I peek into the pot. “A little longer,” I say.
Emma, in her thick, Hackney accent, suggests we use the microwave, but Sabine, a leggy blonde Australian who looks ready for a Vespa ad, notes that someone didn’t clean up after microwaving some vile cheddar cheese. “It’s like someone melted a Lego in there.”
“Damn,” says Indipre. “I don’t think I have Havarti for the sandwiches.”
We’re whipping up sandwiches and mochas from the menu of the Engima Cafe. Yes, yes, it’s true, I happen to travel with menus from defunct Vegas restaurants in my bags — the laminated or rope-bound artifacts of places like the Hilltop House, The Venetian, The Huntridge Coffee Shop (back when you could get pancakes and egg fu yung for $2). They’re good for kitchen inspiration in the hostels I often find myself in. Because it’s the middle of the night in San Fran, the curious and the hungry are being treated to recipes from the Enigma.
Nick and Paul, a pair of Aussies stumbles in. They’d left a while ago on a sightseeing tour that was to include “at least one pub per hour wherever we bloody go.”
“Oi!” Nick said. “Kitchen is closed!”
“Right, and you’re the kitchen Gestapo?” Sabine counters.
“Hey, it’s 3 in the morning,” I say. “Not so loud.” I sound like a chaperone.
Paul and Nick pick up the old laminated Enigma menus and look at Emma and Sabine at the counter.
“What is all this?” Paul wonders.
“It’s the … what is this bloody sandwich called again, Mike?” Emma asks
“The Tippy Elvis — peanut butter, honey and bananas on rye.”
“And what I’m making again?” Sabine aks.
“Let’s see, black pepper, turkey breast, tomato, sprouts, Dijon mustard, mayo and hopefully some havarti on rye — that’s the Stupak.”
“If you’re not from Vegas, yes.”
Paul and Nick start for the coffee pot, but Paul changes their minds.
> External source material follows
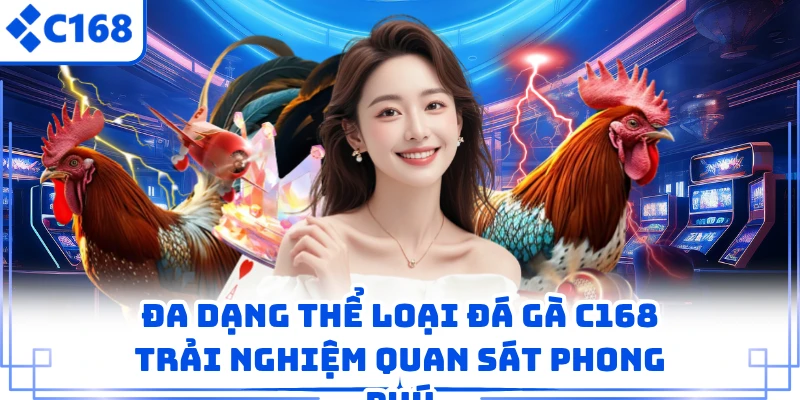 Đa dạng thể loại đá gà C168 trải nghiệm quan sát phong phú 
“Nick and I can wait for the mochas.”
“You can have either the Hacienda, which is Mexican chocolate, vanilla, almond and coconut, or the Moulin Rouge, which is bittersweet chocolate, coconut and cherry syrup.”
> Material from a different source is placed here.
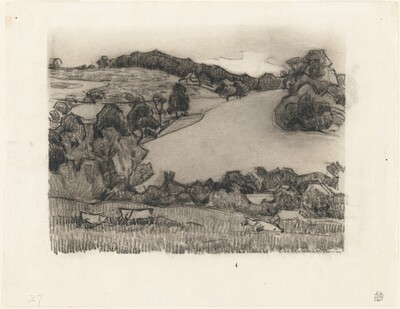 Across Bolham Water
As the ladies wrap up the sandwiches, Emma pipes up. “Sabine and I are going to Vegas in the next few days. Can’t wait to see this place.”
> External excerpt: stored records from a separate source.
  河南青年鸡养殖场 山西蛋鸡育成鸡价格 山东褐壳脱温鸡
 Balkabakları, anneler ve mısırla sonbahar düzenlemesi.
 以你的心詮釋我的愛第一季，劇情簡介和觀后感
Clearly I forgot to mention something and that raucous hangout Fourth Street, where late-night literati, musicians and the wonderfully confused shot the shit.
“Um, the Enigma closed 12 years ago.”
“Twelve years, why keep the menus?” Nick asks.
“I get hungry.”
“I found some havarti!” Indipre exclaims. “It was on the free shelf!”
“It was meant to be!” says Sabine.
As we’re about to sit, someone asks again why I still carry the menus, since it’s obvious I have memorized everything by now.
“I might,” I say, “but they haven’t.” I point to Sabine and Emma, who are taking Instagrams of the menus.
This has happened more than once over the years. These menus aren’t just moldy artifacts I keep just to stimulate old memories — they help create new ones with scenarios like this. Especially when there’s mocha to be made and the hostel kitchen is stocked with enough havarti.